VALENCIA. Cuándo te vas? Es la pregunta que -creo- más veces he escuchado desde bocas tan diferentes durante la última década. Esta última década de crematorios (Chirbes), mangutas y tranvías hacia ninguna parte; de desfalcos, bigotes, zapatos con borlas, lumis de doscientos la hora y humo (demasiado humo) en los reservados del Ventorro. «¿Cuándo te vas de Valencia?» «Porque estarás deseando irte, ¿no?».
De Valencia hay que huir, parece ser. Huir («se viaja no para buscar el destino sino para huir de donde se parte») hacia ese Madrid de los atardeceres imposibles, el vermú de grifo y el salmorejo en la barra de Laredo. O quizá huir hacia aquella Barcelona distante del barrio alto (la Barcelona que nos gusta), las compras en Santa Eulàlia y los croissants de Federal, la Barcelona de los dragones, el trencadís y la cultura a pie de calle: vivir y leer. Es una buena pregunta: «¿Por qué no me voy?».

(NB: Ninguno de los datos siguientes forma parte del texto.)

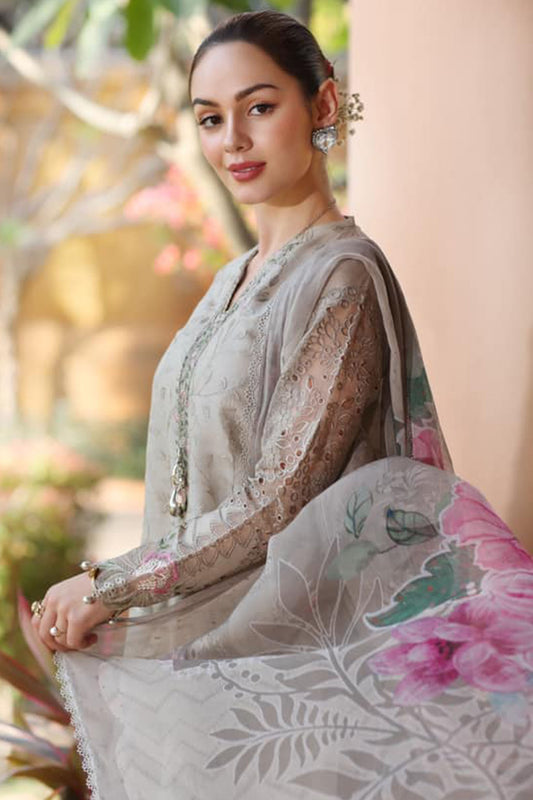 Noor By Saadia Asad Unstitched 3 Piece Eid Luxury Laserkari Collection'2025-01-B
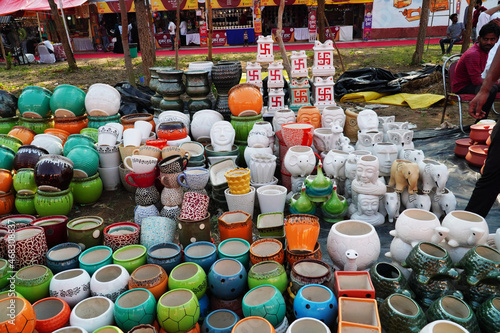 Photography Colorful hand-made ceramic flower pots shop at Hunar Haat 2021, Rampur, Uttar Pr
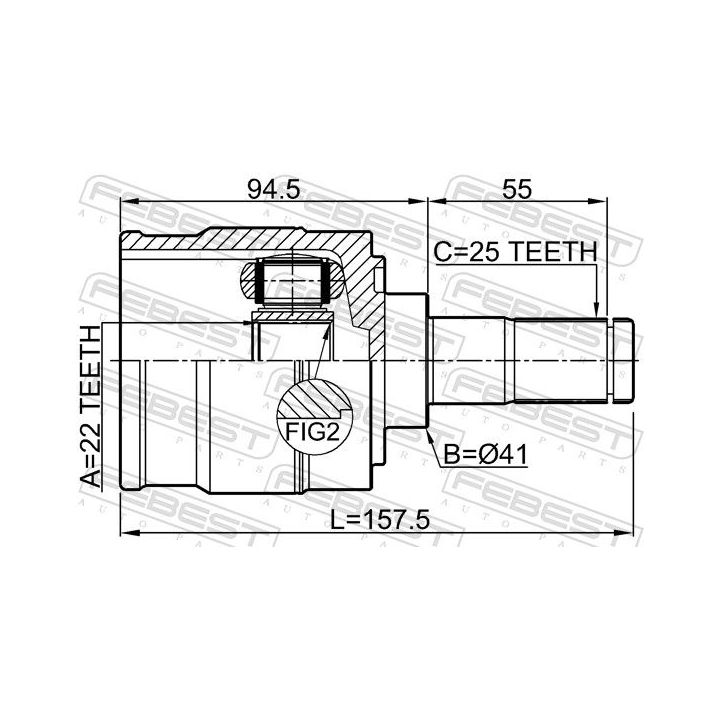 Jungčių komplektas, kardaninis velenas FEBEST 1211-I30LH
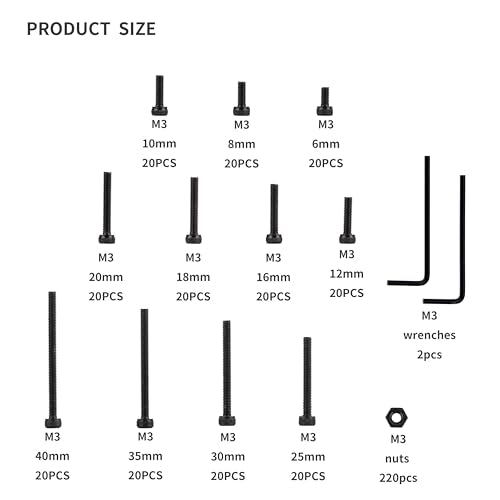 440Pcs Black Alloy Steel M3 Metric Hex Socket Screws with Matching Nuts - color: 440Black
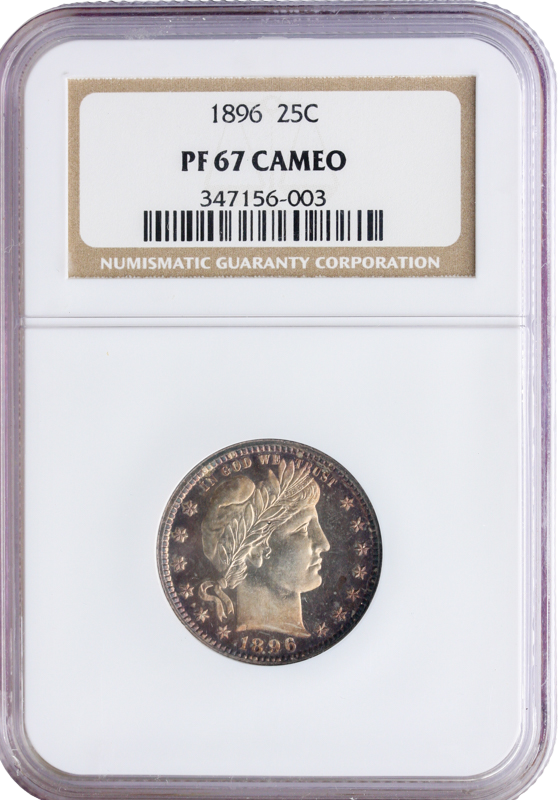 1896 Barber Quarter NGC PR67 CAC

Si hay un buen momento, éste es; con las ratas devorando hasta el último cáñamo de la madera de este barco que ya no fondeará en ninguna playa de Serrat. Valencia está jodida y no habrá piedad desde el Congreso que custodian los leones de hierro fundido de Ponzano y Gascón; no habrá orquesta que siga tocando sonatas en este Titanic que se hunde, que se está hundiendo. Escribiré un artículo y empezará así: «¿Cuándo te vas?».
Anoto la idea en un tren varado en Santa Justa (Sevilla) y lo escribiré mañana (mañana será viernes), ya en casa (mi casa, por ahora, se llama Valencia). Viernes. Última semana de octubre; unos minutos más allá de las ocho de la mañana, veintitrés grados y una humedad que olvidó tomar prisioneros: cala hasta los huesos. Cargo el portátil, la prensa del día y un par de libros, pero antes de la faena: hay que desayunar.

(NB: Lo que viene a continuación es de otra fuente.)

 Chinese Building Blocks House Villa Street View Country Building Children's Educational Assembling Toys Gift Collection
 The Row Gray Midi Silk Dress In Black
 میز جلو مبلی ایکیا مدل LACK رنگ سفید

Bajo a la playa; vivo en la Patacona, esa otra Valencia vibrant alejada de todas las valencias: bicicletas bicicletas, deportistas, chuchos tras dueños, niñas monas y portuarios con tatuajes baratos se mezclan por igual en el paseo de esta playa tan silenciosa y, sin embargo, tan nuestra, tan fiel a aquel credo de Manuel Vicent: «Sé perfectamente que el día en que me muera no echaré de menos los grandes acontecimientos que haya podido vivir, sino el perfume del café con las tostadas del desayuno y estirar la pierna hacia el lado fresco de la sábana en las mañanas de primavera».

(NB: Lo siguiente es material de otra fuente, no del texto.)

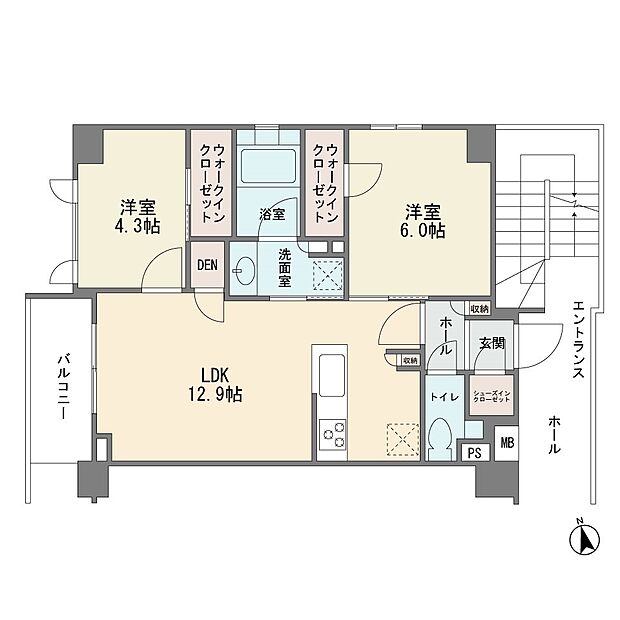 2階部分の北西角部屋です　カウンターキッチン　全室フローリング　ウォークインクロゼット2箇所　シューズインクローク　ＤＥＮ　ペット飼育2匹可能　床暖房　新規リフォーム済み　2021年3月築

Pido un café y una tarta de zanahoria en La Más Bonita, frente al mar. Frente al mar pasan las hojas del periódico con una cadencia diferente, no hay prisa. Una hora más tarde estoy aparcando el coche en el que (creo) es mi lugar favorito de Valencia: el Mercado Central. Y es que pese a todos los tópicos, no he conocido un mercado así en el mundo (mi trabajo es viajar y escribir).
Aquí es imposible no maravillarse ante cada puesto, cada aroma y cada sonrisa; hay que pararse en los quesos de Manglano, los pescados de Los Malagueños, los guisantes en Carme Catalá o la fruta de Puchades y Margarita, la carne de Varea o los frutos secos en Carrasco. Tras las compras, una visita a Futurama a recoger Los surcos del azar, de Paco Roca, el cómic sobre nuestro pasado que dibuja mi presente en una mesa de la terraza de la librería Dadá, en el Muvim.
Un vino blanco acompaña el aperitivo y el sol castiga el acero de las sillas de este otoño imposible, ¿cómo es posible esta luz? Miro alrededor, cruzo dos miradas (aquí las mujeres siguen mirando a los ojos), respondo algún mensaje de una vieja amiga: sé que me arrepentiré mañana. Pero Memento Mori. O sea, dit i fet, que dicen por aquí. Todo es ahora; y mañana será otro día. Comeré más tarde, en un barra donde me llaman por mi nombre, todavía. Pido el expresso. Abro el portátil. Empiezo el artículo. ¿Cuándo te vas?